(Provided material)
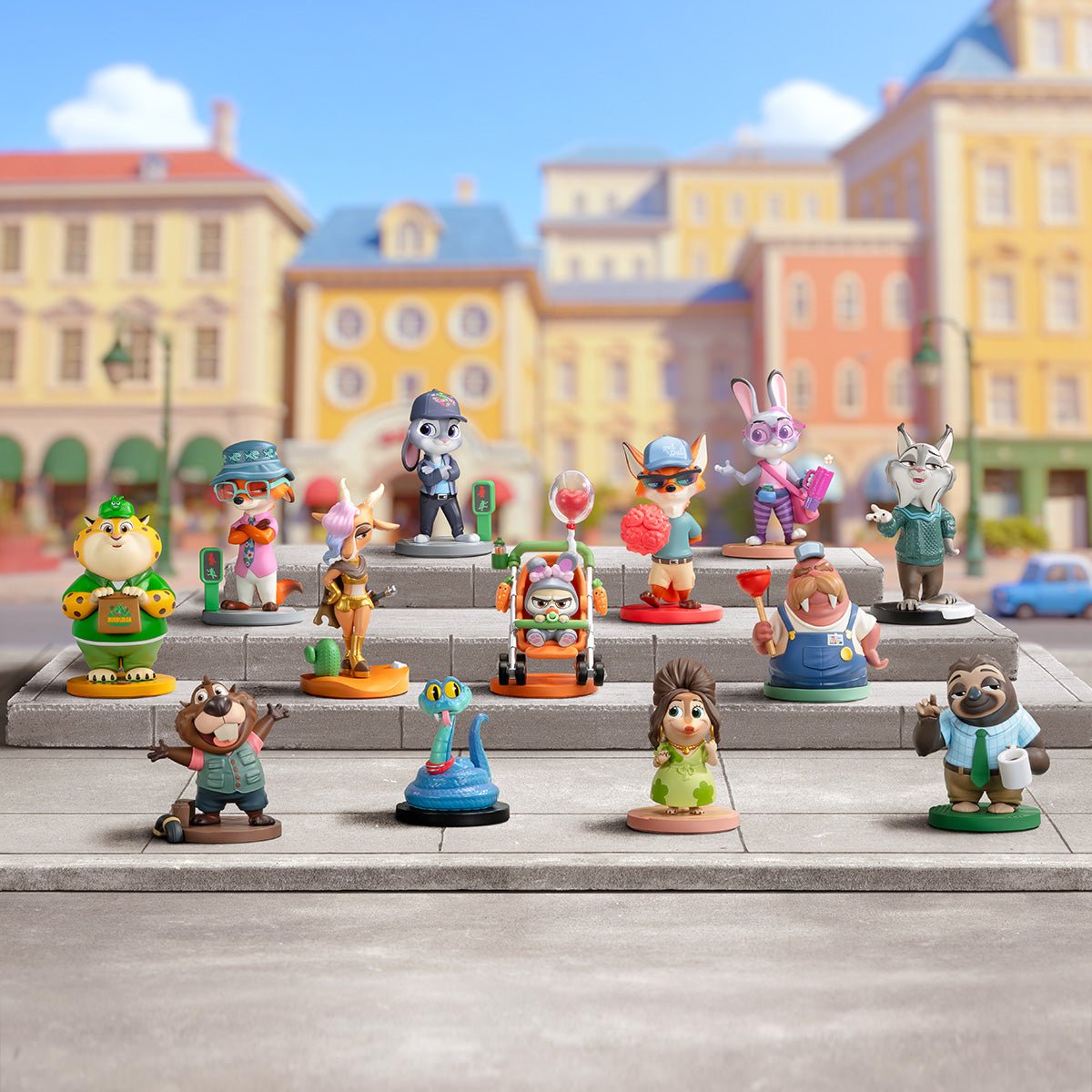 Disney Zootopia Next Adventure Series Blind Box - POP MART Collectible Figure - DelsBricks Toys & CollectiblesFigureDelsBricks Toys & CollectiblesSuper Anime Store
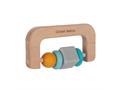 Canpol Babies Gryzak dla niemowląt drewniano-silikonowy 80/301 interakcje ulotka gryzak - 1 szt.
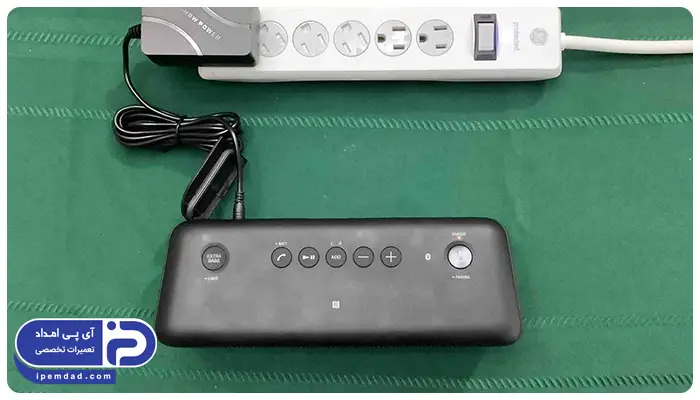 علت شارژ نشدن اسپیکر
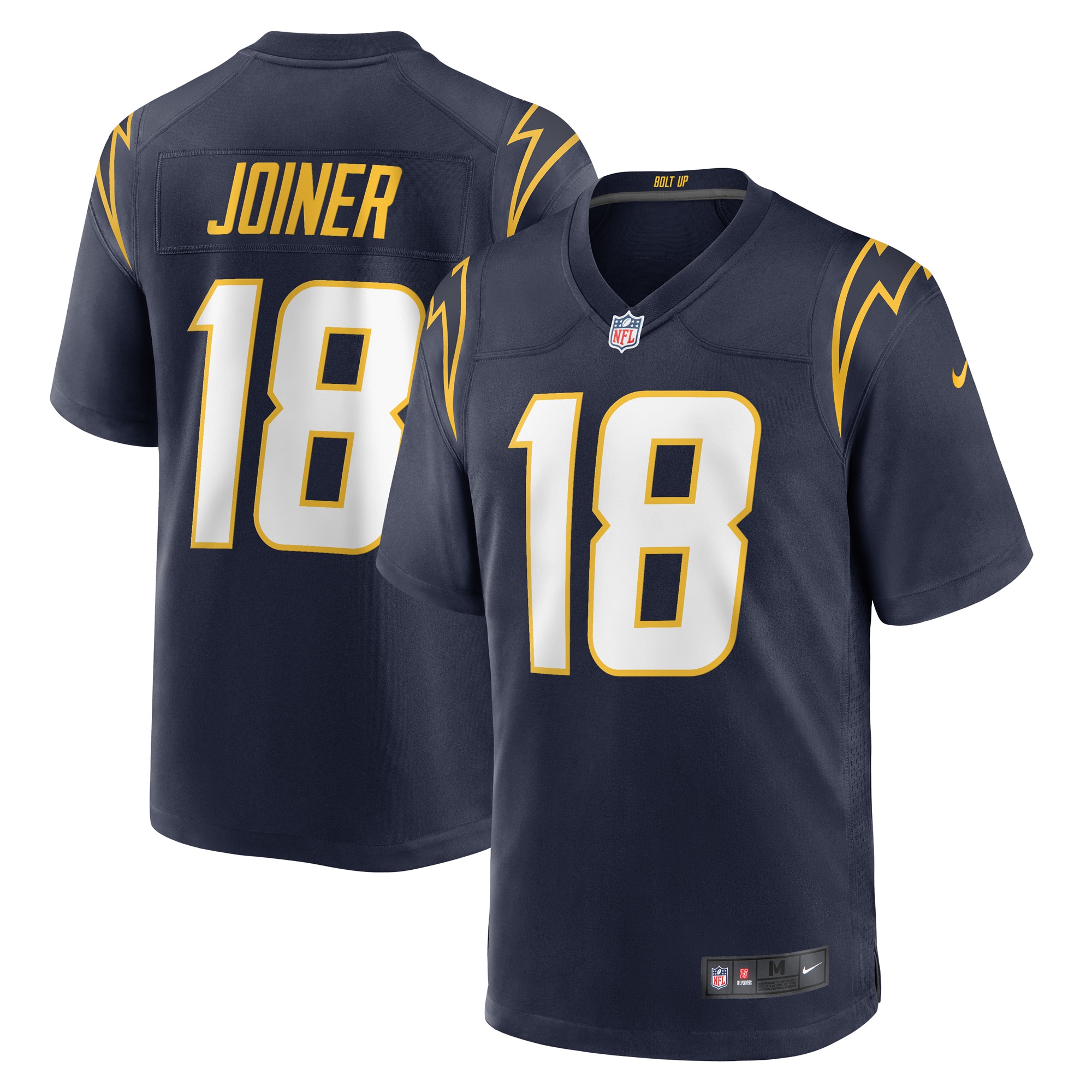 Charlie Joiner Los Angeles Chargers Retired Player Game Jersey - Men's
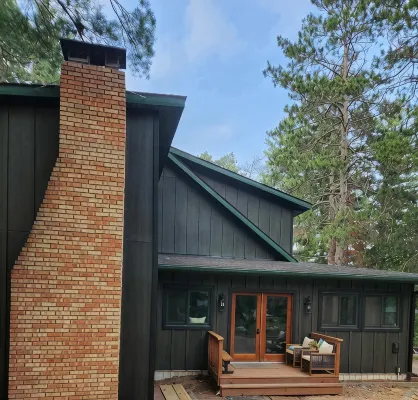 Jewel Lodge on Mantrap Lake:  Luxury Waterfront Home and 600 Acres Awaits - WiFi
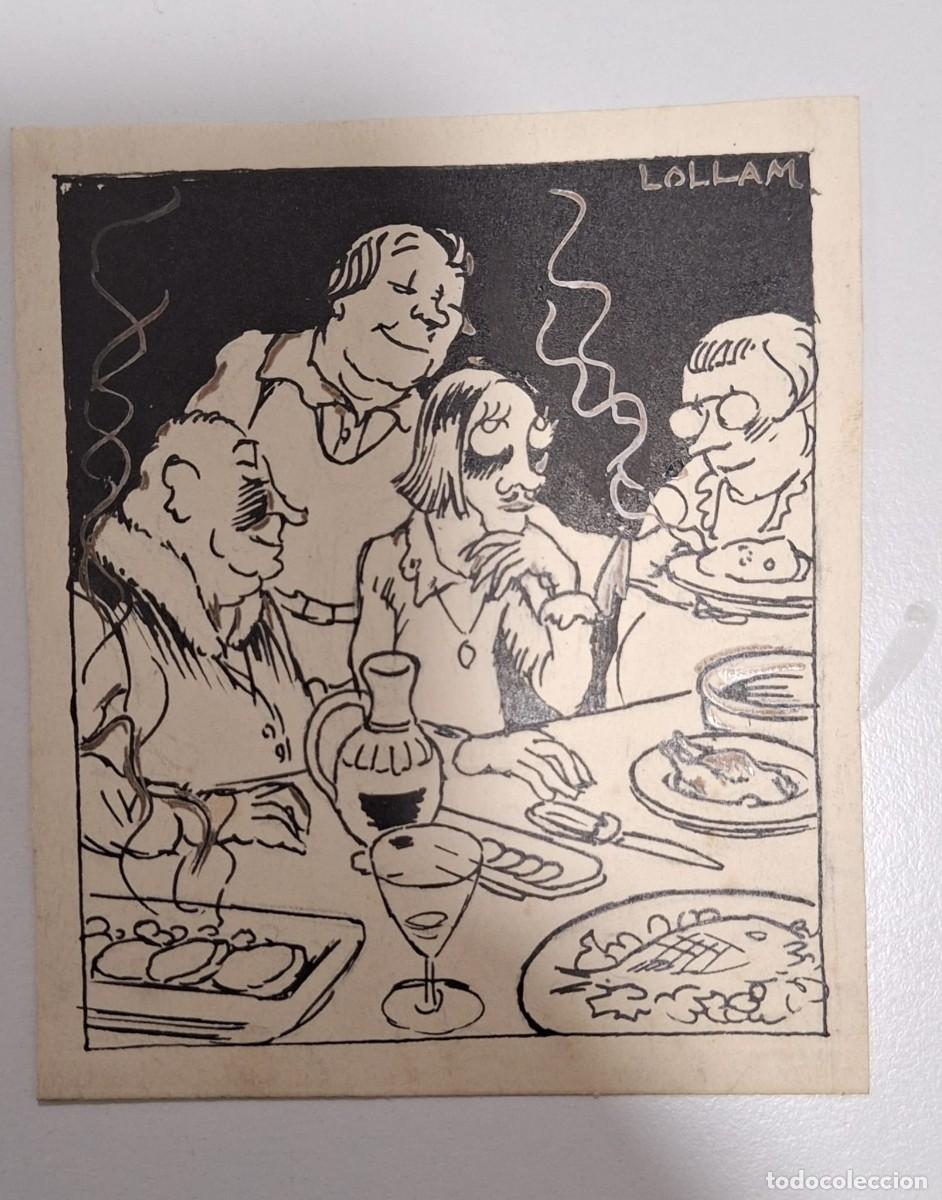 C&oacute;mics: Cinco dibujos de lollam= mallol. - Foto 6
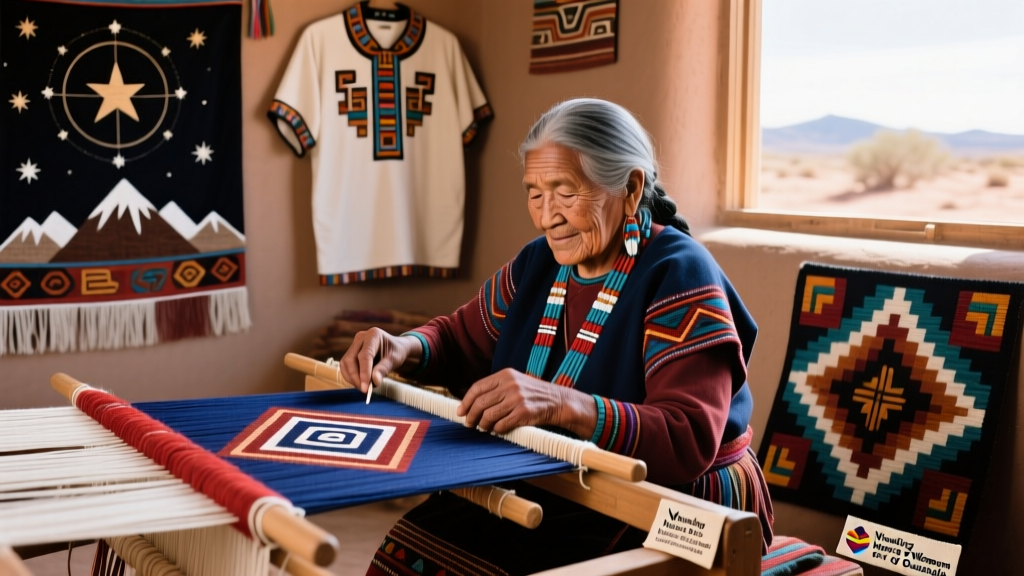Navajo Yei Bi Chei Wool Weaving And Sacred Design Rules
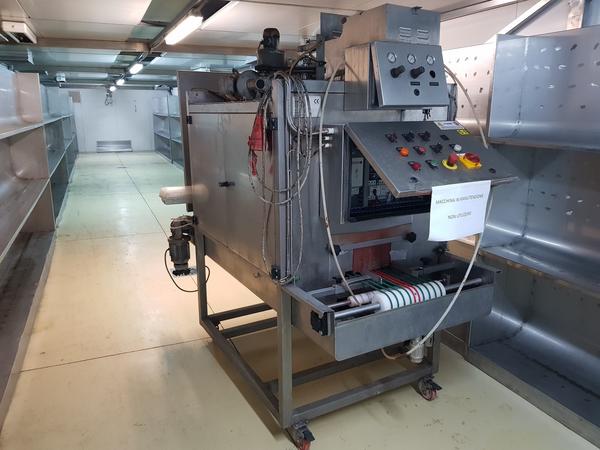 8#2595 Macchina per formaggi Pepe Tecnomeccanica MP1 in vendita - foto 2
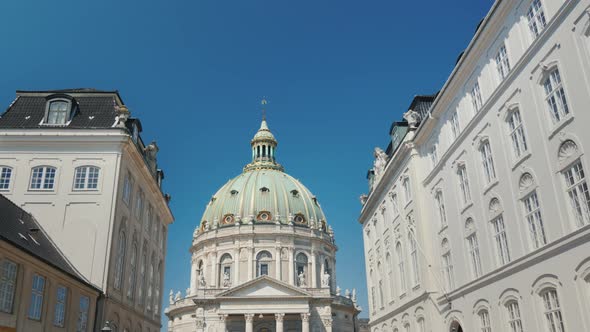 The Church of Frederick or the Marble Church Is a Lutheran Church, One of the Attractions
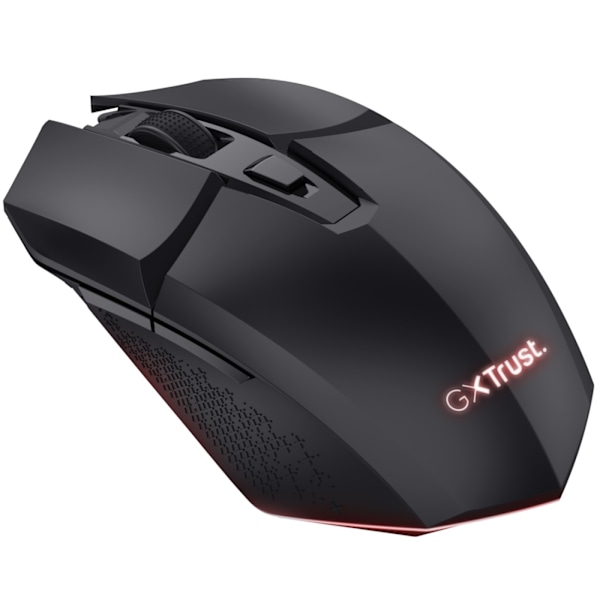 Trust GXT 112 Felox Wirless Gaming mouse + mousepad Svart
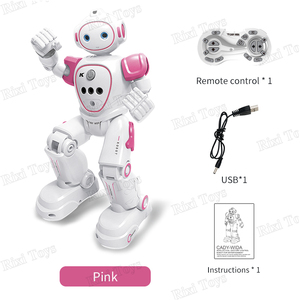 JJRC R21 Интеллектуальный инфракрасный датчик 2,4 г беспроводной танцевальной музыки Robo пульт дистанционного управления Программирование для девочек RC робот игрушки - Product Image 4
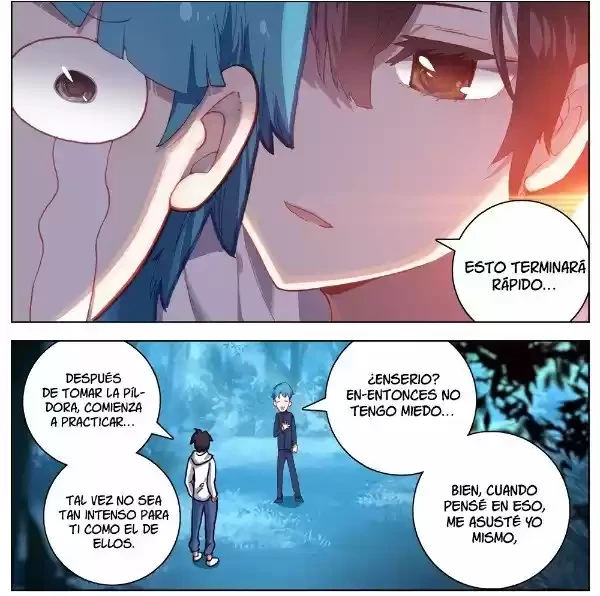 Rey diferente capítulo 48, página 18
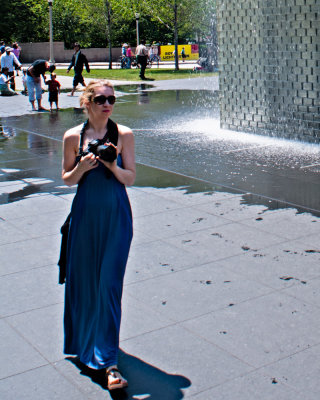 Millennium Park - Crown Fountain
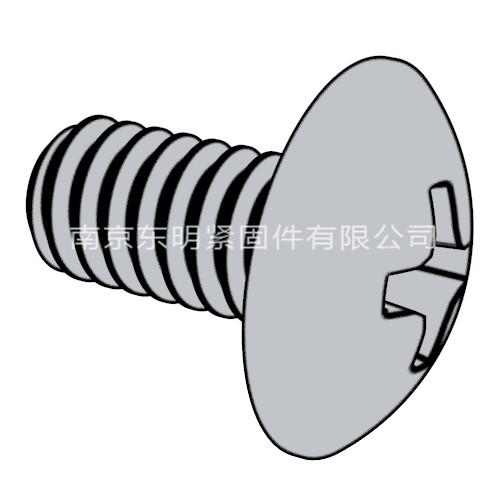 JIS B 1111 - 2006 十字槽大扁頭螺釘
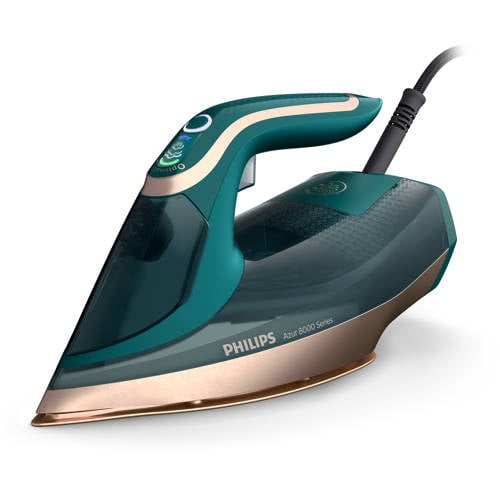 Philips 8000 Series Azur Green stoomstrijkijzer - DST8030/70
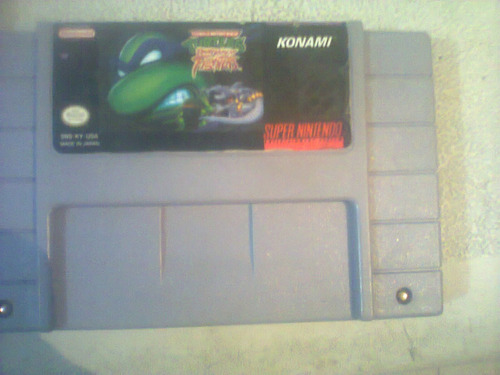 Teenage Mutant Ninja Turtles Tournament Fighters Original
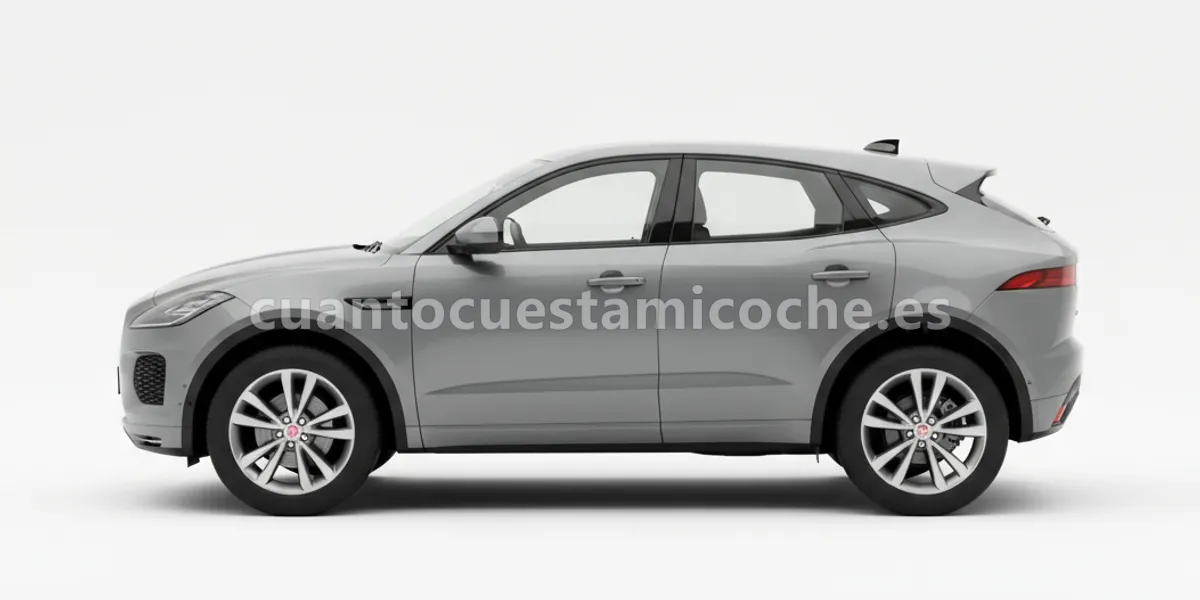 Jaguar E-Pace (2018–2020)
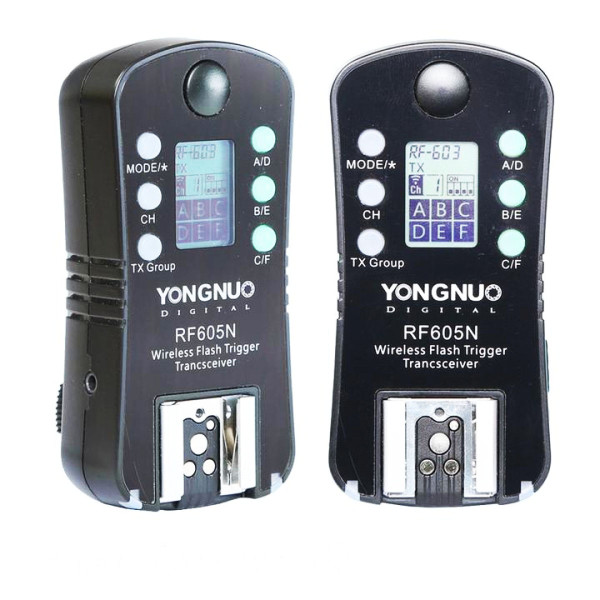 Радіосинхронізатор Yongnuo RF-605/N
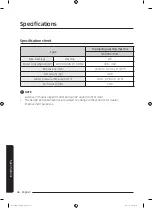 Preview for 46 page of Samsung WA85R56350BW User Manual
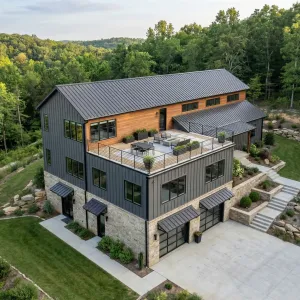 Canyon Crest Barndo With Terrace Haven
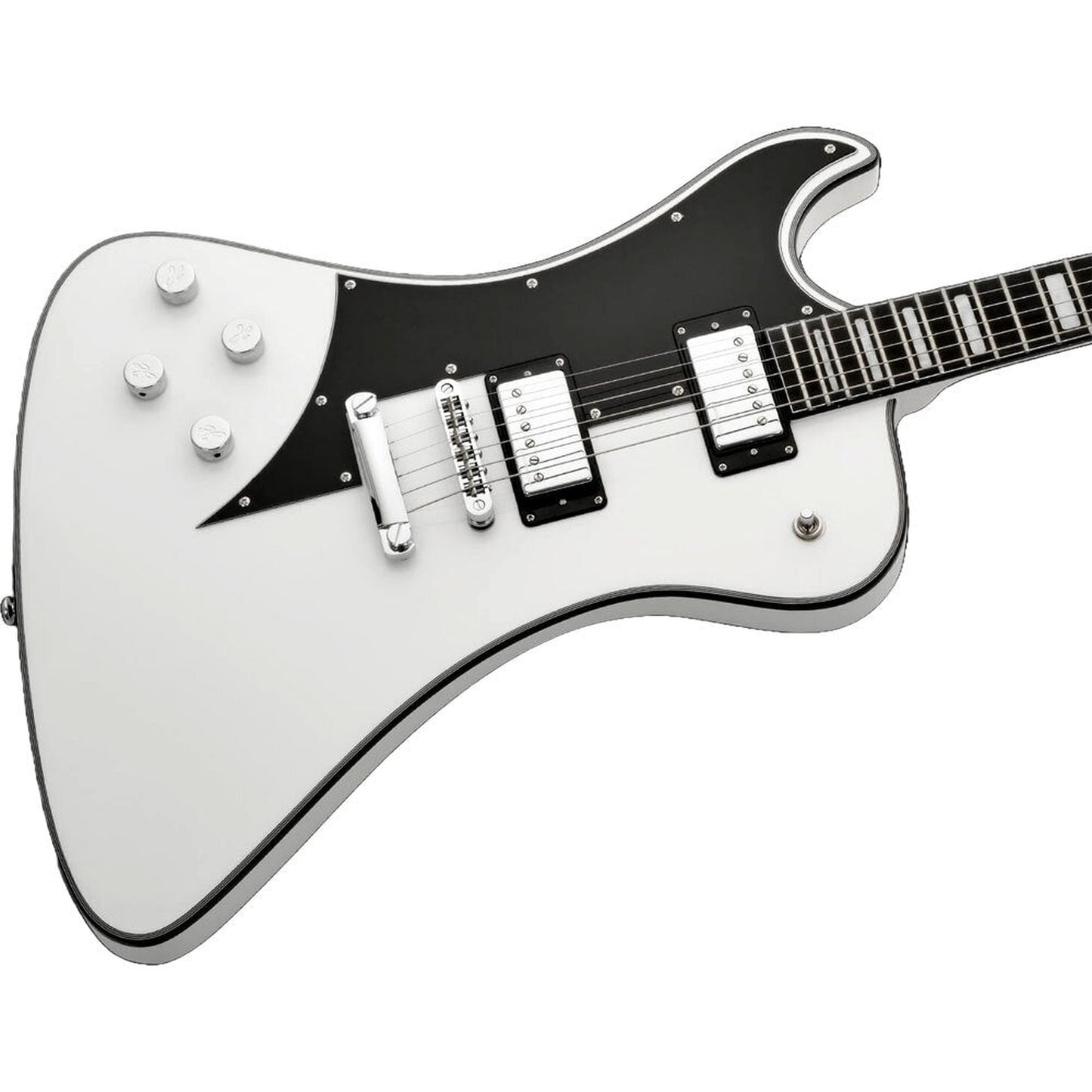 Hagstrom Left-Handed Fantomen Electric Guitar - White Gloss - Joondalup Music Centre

(Action item) Only exact copies are wanted here. Write out the lines from the one containing "JJRC R21 Интеллектуальный" through the end of the material and no others, omitting all pictures.

(Response area)
 JJRC R21 Интеллектуальный инфракрасный датчик 2,4 г беспроводной танцевальной музыки Robo пульт дистанционного управления Программирование для девочек RC робот игрушки - Product Image 4
 Rey diferente capítulo 48, página 18
 Millennium Park - Crown Fountain
 JIS B 1111 - 2006 十字槽大扁頭螺釘
 Philips 8000 Series Azur Green stoomstrijkijzer - DST8030/70
 Teenage Mutant Ninja Turtles Tournament Fighters Original
 Jaguar E-Pace (2018–2020)
 Радіосинхронізатор Yongnuo RF-605/N
 Preview for 46 page of Samsung WA85R56350BW User Manual
 Canyon Crest Barndo With Terrace Haven
 Hagstrom Left-Handed Fantomen Electric Guitar - White Gloss - Joondalup Music Centre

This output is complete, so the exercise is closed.